DATASET CONTENT:
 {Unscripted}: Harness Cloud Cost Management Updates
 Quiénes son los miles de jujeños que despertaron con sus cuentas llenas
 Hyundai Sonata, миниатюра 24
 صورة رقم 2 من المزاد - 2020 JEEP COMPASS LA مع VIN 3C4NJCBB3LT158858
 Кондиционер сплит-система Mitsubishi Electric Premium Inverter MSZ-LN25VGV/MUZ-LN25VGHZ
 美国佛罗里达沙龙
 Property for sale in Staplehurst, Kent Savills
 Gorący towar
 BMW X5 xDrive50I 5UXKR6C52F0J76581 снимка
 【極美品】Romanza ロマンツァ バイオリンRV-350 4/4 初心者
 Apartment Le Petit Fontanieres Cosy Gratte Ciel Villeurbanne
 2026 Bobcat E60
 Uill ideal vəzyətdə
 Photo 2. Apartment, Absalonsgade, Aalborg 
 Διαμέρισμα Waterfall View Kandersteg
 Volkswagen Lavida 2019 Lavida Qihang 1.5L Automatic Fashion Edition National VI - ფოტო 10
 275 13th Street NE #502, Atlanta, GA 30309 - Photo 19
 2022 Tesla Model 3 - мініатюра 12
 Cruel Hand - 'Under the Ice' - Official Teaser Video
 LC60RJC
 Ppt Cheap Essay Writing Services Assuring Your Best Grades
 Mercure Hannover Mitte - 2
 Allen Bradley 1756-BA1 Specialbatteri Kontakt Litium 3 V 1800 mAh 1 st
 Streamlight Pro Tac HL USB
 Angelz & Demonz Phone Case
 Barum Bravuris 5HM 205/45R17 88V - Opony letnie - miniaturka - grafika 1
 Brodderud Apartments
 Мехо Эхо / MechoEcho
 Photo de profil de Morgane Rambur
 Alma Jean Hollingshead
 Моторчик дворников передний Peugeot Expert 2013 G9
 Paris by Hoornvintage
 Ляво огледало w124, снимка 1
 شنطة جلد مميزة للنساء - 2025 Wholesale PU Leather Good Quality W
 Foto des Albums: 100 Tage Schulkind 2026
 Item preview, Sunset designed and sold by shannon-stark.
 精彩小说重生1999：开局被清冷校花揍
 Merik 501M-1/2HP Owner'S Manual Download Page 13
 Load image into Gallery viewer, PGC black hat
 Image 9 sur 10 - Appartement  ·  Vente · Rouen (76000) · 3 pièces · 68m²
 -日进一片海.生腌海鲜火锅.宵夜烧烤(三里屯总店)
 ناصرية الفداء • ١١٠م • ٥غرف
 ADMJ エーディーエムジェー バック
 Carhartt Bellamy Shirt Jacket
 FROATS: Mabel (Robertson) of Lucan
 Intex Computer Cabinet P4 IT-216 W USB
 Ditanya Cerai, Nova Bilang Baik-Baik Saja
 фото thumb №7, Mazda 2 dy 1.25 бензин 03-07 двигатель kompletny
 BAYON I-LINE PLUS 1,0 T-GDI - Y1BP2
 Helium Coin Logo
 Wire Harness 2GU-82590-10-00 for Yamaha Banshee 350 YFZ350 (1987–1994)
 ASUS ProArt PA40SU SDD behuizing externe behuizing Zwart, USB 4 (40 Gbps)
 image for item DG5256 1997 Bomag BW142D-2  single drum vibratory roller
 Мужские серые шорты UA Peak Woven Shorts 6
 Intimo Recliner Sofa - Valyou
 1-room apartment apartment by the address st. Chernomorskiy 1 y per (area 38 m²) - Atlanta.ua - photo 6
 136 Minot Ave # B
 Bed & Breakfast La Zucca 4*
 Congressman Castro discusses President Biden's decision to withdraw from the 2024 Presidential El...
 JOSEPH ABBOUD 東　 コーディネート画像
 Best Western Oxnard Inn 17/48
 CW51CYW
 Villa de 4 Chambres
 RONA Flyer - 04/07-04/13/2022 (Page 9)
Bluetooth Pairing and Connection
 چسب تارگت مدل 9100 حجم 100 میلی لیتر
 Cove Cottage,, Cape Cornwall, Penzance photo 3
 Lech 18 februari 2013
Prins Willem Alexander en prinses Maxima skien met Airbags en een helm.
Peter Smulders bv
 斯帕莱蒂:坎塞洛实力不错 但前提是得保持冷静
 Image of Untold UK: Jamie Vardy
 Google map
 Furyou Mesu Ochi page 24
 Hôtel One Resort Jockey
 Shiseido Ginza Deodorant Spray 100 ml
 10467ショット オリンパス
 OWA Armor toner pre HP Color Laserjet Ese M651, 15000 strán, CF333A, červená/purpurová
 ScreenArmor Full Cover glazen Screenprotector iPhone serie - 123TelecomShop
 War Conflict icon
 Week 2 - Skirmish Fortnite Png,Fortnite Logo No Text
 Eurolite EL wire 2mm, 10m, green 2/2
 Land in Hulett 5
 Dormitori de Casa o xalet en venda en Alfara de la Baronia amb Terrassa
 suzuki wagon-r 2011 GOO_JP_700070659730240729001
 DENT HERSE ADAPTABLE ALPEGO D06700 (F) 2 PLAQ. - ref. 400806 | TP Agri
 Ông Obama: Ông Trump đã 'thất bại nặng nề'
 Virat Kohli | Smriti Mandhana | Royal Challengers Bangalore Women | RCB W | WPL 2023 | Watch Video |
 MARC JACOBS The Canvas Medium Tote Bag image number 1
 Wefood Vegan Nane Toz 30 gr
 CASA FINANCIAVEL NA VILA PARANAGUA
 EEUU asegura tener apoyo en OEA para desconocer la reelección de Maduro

TASK DESCRIPTION:
Once the lines holding the word "Atlanta" in the material above are counted, report that number by itself.

SOLUTION:
2